Problem to solve — Keep the pictures out, please, and set down every record exactly.

══ Data excerpts ══

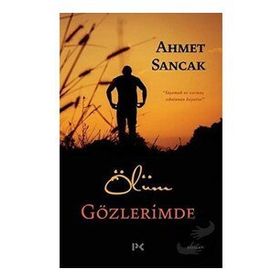 Ölüm Gözlerimde - Ahmet Sancak - Profil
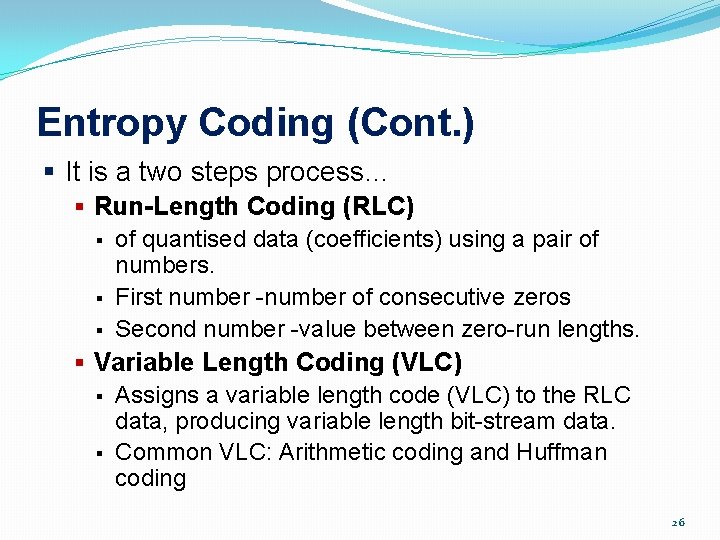 Entropy Coding (Cont. ) § It is a two steps process… § Run-Length Coding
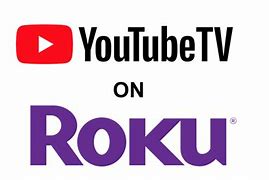 Image result for YouTube TV Roku Channel On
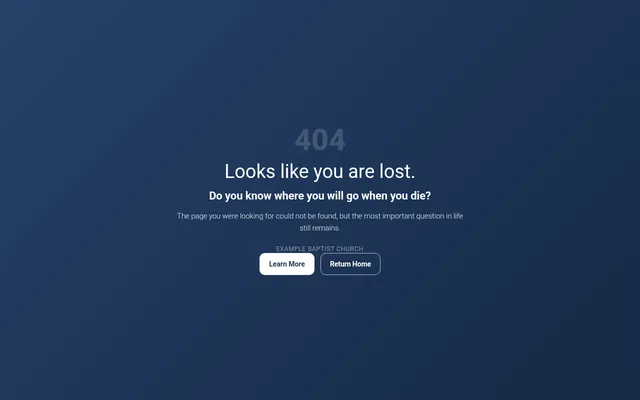 The Gospel 404 overlay on a navy background: “404”, “Looks like you are lost.”, “Do you know where you will go when you die?”, with Learn More and Return Home buttons.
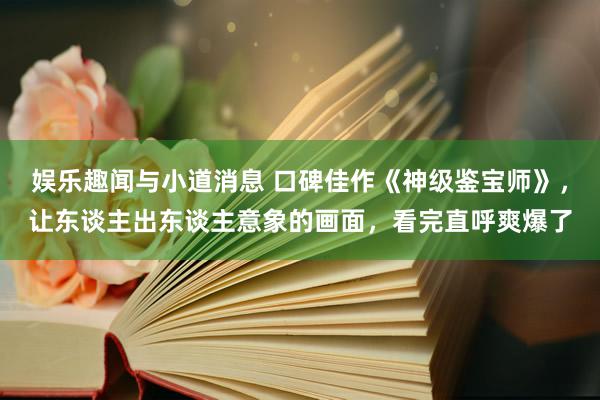 娱乐趣闻与小道消息 口碑佳作《神级鉴宝师》，让东谈主出东谈主意象的画面，看完直呼爽爆了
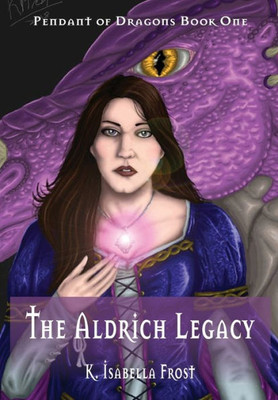 The Aldrich Legacy (Pendant Of Dragons)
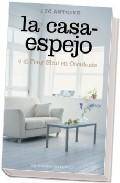 La casa-espejo: o el feng shui en occidente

═══

Result for this exercise —
 Ölüm Gözlerimde - Ahmet Sancak - Profil
 Entropy Coding (Cont. ) § It is a two steps process… § Run-Length Coding
 Image result for YouTube TV Roku Channel On
 The Gospel 404 overlay on a navy background: “404”, “Looks like you are lost.”, “Do you know where you will go when you die?”, with Learn More and Return Home buttons.
 娱乐趣闻与小道消息 口碑佳作《神级鉴宝师》，让东谈主出东谈主意象的画面，看完直呼爽爆了
 The Aldrich Legacy (Pendant Of Dragons)
 La casa-espejo: o el feng shui en occidente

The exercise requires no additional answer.